Effectivity of this algorithm is also supported by speed of PHP Extensions (compared to pure php implementation).
This project is simple PHP wrapper of (or interface to) another project: MultiFast: http://sourceforge.net/projects/multifast/?source=dlp
Source of inspiration for this project was great tutorial: http://devzone.zend.com/446/extension-writing-part-iii-resources/
Aho-Corasick C library is wrapped as PHP extension loadable to PHP.
phpize
./configure --enable-ahocorasick
make
This extension is case sensitive, thus if you want case insensitive, convert every string input to this algorithm to lowercase (use mb_strtolower() for example).

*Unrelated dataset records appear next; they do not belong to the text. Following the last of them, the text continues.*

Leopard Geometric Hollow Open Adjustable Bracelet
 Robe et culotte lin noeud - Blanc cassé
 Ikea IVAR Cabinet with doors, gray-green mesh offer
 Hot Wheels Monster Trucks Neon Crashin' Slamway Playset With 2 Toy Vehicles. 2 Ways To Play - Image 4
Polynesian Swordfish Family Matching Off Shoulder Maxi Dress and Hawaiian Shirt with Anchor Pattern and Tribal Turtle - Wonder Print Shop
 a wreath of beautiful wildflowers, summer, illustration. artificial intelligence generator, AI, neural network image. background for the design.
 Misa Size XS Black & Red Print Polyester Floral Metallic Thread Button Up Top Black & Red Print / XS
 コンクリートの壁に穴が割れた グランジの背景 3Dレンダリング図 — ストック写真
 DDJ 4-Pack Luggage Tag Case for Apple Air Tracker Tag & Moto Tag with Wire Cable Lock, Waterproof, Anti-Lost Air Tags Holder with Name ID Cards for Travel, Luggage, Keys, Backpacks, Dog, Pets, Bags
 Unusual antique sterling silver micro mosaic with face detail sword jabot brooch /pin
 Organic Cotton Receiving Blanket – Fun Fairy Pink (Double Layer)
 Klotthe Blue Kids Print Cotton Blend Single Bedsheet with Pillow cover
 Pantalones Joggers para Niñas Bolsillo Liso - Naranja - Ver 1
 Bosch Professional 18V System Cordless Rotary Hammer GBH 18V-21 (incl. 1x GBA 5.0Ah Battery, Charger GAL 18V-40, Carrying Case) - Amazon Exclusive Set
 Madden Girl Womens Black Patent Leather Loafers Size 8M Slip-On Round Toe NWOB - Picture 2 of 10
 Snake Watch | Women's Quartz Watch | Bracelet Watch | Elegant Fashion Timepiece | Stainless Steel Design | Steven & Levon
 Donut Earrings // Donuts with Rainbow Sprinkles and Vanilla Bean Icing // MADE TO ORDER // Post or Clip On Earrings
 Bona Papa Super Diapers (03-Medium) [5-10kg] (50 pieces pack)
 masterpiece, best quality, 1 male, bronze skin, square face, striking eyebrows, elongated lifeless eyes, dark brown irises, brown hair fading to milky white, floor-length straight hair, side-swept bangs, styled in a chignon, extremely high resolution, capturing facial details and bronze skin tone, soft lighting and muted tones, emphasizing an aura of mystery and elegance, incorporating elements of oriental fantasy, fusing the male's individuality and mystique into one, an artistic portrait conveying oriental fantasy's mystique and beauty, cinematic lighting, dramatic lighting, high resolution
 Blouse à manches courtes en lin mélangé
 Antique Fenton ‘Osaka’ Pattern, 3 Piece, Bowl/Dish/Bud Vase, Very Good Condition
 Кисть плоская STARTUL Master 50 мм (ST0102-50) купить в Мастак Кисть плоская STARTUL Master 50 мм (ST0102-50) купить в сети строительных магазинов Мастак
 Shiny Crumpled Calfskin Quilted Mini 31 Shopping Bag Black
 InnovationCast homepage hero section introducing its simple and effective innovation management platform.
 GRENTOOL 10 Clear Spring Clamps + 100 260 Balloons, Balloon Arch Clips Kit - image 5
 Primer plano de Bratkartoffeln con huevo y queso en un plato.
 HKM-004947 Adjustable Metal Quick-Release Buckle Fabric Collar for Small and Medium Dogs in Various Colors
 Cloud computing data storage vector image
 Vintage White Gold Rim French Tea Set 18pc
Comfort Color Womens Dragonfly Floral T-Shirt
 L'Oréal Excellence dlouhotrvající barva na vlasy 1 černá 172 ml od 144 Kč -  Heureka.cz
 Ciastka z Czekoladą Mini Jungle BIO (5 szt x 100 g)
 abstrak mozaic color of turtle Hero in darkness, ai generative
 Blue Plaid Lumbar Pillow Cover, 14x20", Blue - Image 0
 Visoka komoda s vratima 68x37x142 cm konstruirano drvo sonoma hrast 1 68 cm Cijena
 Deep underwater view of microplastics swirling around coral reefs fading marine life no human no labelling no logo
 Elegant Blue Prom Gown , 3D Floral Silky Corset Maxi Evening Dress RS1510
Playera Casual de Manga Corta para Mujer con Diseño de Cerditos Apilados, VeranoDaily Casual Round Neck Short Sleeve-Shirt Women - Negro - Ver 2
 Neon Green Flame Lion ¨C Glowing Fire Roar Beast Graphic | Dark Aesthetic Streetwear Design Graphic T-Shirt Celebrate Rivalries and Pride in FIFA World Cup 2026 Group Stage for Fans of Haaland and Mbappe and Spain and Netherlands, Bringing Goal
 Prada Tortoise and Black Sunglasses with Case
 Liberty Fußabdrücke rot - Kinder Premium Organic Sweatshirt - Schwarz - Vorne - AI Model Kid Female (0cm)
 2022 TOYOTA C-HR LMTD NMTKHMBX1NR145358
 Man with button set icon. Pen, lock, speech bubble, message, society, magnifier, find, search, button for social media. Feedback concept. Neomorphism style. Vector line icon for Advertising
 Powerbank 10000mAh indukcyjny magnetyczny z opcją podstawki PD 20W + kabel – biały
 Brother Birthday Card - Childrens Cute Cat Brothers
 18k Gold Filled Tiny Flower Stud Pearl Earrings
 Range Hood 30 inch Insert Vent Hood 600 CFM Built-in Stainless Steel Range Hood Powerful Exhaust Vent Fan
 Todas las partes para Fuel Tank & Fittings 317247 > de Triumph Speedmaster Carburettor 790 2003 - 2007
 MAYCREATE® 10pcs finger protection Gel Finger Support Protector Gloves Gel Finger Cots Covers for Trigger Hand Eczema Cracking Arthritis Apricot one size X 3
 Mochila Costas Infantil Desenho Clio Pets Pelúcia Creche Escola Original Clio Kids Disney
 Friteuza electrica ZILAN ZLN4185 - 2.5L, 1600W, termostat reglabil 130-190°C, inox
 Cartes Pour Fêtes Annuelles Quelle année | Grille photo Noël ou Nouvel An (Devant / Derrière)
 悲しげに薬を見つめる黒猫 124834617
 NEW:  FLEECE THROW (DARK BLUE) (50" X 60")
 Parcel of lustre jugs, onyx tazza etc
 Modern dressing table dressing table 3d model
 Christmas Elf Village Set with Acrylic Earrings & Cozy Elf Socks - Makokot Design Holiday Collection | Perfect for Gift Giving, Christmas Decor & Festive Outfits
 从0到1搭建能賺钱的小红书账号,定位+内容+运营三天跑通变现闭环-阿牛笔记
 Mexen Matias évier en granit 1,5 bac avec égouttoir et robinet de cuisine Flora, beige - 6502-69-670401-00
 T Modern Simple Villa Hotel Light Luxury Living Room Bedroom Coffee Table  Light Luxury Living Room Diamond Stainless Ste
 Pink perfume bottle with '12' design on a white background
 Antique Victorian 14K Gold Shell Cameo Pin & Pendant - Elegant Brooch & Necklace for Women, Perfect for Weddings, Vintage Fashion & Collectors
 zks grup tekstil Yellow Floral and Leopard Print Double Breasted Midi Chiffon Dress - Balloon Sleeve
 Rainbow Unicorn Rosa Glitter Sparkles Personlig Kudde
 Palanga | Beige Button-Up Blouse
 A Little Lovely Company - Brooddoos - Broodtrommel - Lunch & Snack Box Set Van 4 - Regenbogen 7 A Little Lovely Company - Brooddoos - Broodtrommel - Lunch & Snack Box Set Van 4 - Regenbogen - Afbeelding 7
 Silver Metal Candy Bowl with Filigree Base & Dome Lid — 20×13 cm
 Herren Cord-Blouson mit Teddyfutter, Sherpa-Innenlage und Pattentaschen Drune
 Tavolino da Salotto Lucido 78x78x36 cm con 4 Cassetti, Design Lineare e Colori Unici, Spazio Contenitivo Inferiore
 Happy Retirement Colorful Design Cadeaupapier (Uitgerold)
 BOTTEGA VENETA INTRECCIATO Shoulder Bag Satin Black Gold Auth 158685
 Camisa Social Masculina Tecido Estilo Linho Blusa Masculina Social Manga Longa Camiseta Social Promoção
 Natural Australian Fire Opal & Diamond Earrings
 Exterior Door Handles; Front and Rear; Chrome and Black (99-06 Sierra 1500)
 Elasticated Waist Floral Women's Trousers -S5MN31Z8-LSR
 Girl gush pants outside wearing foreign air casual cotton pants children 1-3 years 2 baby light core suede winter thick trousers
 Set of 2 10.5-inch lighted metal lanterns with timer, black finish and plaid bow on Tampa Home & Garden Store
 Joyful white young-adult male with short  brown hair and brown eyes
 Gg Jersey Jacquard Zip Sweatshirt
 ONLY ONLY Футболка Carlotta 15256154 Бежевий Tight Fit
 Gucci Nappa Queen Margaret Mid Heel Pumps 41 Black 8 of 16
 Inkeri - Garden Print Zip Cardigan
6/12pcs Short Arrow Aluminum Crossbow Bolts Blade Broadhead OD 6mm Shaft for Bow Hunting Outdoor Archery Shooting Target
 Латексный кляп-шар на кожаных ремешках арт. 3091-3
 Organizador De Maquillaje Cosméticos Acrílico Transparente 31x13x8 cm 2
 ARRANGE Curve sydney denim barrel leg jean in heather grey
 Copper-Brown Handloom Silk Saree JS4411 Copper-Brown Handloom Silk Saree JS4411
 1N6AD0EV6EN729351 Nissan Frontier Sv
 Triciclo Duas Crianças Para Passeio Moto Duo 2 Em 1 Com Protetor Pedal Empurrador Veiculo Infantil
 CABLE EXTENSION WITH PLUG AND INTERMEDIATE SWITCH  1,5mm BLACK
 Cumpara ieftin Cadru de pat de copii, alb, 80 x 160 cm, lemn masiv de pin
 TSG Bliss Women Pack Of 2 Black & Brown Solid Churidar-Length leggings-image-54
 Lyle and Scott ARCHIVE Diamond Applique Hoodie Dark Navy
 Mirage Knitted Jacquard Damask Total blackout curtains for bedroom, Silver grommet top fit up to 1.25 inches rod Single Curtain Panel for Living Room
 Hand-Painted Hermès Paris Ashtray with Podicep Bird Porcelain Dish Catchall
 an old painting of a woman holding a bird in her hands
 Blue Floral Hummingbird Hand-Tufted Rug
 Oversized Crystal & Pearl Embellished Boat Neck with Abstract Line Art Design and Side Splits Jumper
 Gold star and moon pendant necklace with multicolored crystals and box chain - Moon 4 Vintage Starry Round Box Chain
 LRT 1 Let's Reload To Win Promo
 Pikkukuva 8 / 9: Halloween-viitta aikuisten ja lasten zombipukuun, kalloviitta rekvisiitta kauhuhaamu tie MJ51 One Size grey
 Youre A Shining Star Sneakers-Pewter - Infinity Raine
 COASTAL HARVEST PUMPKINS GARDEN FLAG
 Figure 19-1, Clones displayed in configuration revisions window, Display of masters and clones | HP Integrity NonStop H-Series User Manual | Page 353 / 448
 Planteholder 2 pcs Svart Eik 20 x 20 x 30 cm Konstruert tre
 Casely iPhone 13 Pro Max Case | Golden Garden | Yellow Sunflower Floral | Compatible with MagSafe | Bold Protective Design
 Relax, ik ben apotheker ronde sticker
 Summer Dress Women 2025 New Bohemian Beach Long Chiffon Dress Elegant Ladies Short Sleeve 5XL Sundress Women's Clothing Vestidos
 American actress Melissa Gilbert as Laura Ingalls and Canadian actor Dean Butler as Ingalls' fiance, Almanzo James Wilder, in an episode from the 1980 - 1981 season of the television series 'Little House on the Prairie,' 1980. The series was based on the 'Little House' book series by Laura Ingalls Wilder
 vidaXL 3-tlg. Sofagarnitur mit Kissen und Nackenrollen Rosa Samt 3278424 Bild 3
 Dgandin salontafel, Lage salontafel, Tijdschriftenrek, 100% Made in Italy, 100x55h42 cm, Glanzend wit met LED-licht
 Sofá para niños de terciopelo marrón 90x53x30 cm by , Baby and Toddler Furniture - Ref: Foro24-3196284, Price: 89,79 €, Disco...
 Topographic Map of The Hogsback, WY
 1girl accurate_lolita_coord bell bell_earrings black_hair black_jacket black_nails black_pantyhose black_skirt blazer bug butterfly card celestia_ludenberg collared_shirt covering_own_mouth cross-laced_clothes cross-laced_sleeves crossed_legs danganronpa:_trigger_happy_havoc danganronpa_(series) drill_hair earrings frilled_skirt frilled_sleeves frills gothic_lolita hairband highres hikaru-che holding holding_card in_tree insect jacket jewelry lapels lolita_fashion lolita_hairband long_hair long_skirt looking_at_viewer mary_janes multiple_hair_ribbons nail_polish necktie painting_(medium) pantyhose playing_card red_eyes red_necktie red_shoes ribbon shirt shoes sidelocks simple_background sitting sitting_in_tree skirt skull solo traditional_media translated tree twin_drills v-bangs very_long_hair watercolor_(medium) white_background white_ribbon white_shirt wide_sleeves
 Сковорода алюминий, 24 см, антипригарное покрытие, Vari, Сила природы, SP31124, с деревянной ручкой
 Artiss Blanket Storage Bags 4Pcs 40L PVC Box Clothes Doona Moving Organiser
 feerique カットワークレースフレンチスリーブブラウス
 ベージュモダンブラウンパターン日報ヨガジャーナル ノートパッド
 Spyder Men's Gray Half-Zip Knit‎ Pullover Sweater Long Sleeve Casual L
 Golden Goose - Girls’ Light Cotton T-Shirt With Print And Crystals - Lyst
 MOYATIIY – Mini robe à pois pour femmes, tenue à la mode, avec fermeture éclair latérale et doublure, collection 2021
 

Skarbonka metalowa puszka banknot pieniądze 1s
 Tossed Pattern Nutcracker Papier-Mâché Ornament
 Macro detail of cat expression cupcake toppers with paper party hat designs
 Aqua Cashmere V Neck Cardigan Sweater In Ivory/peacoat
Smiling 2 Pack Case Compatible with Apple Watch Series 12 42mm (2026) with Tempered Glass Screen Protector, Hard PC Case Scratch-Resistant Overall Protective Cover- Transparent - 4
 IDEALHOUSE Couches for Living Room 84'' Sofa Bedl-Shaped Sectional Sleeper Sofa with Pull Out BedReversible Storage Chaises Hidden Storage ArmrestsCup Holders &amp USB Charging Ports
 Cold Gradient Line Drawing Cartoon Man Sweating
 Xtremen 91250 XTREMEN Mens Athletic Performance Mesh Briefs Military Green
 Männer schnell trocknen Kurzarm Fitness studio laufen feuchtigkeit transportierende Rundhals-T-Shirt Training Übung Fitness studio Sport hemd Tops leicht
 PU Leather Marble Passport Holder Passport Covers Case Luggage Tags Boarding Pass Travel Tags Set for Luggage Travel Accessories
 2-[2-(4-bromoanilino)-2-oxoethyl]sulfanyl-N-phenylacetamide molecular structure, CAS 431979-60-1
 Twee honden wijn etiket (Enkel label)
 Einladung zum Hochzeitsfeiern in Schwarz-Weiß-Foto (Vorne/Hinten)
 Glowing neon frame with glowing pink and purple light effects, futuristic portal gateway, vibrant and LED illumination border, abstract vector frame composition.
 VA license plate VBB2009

If you want to detect equality, compare also length of needle and haystack (for example).
test.php:
$data = array(
array('key'=>'ab', 'value'=>'alfa', 'ignoreCase'=>true),
array('key'=>'ac', 'value'=>'beta', 'ignoreCase'=>true),
array('key'=>'ad', 'value'=>'gamma', 'ignoreCase'=>true),
array('key'=>'ae', 'value'=>'delta', 'ignoreCase'=>true),
array('key'=>'af', 'value'=>'zeta', 'ignoreCase'=>true),
array('key'=>'ag', 'value'=>'omega', 'ignoreCase'=>true),
array('key'=>'ah', 'value'=>'lfa', 'ignoreCase'=>true)
);
// initialize search , returns resourceID for search structure
$c = ahocorasick_init($data);
// perform search 1
$d1 = ahocorasick_match("alFABETA gammadelta delta delta!", $c);
// perform search 2
$d2 = ahocorasick_match("alfa zeta omegaomegalfa", $c);
// deinitialize search structure (will free memory)
ahocorasick_deinit($c);
var_dump($d1);
var_dump($d2);
Call with:
php -d extension=modules/ahocorasick.so -f test.php
Results with:
array(4) {
[0]=>
array(4) {
["pos"]=>
int(14)
["keyIdx"]=>
int(30536592)
["key"]=>
string(2) "ad"
["value"]=>
string(5) "gamma"
}
[1]=>
array(4) {
["pos"]=>
int(19)
["keyIdx"]=>
int(30536696)
["key"]=>
string(2) "ae"
["value"]=>
string(5) "delta"
}
[2]=>
array(4) {
["pos"]=>
int(25)
["keyIdx"]=>
int(30536696)
["key"]=>
string(2) "ae"
["value"]=>
string(5) "delta"
}
[3]=>
array(4) {
["pos"]=>
int(31)
["keyIdx"]=>
int(30536696)
["key"]=>
string(2) "ae"
["value"]=>
string(5) "delta"
}
}
array(7) {
[0]=>
array(4) {
["pos"]=>
int(4)
["keyIdx"]=>
int(30536384)
["key"]=>
string(2) "ab"
["value"]=>
string(4) "alfa"
}
[1]=>
array(4) {
["pos"]=>
int(4)
["keyIdx"]=>
int(30537008)
["key"]=>
string(2) "ah"
["value"]=>
string(3) "lfa"
}
[2]=>
array(4) {
["pos"]=>
int(9)
["keyIdx"]=>
int(30536800)
["key"]=>
string(2) "af"
["value"]=>
string(4) "zeta"
}
[3]=>
array(4) {
["pos"]=>
int(15)
["keyIdx"]=>
int(30536904)
["key"]=>
string(2) "ag"
["value"]=>
string(5) "omega"
}
[4]=>
array(4) {
["pos"]=>
int(20)
["keyIdx"]=>
int(30536904)
["key"]=>
string(2) "ag"
["value"]=>
string(5) "omega"
}
[5]=>
array(4) {
["pos"]=>
int(23)
["keyIdx"]=>
int(30536384)
["key"]=>
string(2) "ab"
["value"]=>
string(4) "alfa"
}
[6]=>
array(4) {
["pos"]=>
int(23)
["keyIdx"]=>
int(30537008)
["key"]=>
string(2) "ah"
["value"]=>
string(3) "lfa"
}
}
In this repo you can find benchmark.php file, with this you can perform your own benchmark and measure speed up.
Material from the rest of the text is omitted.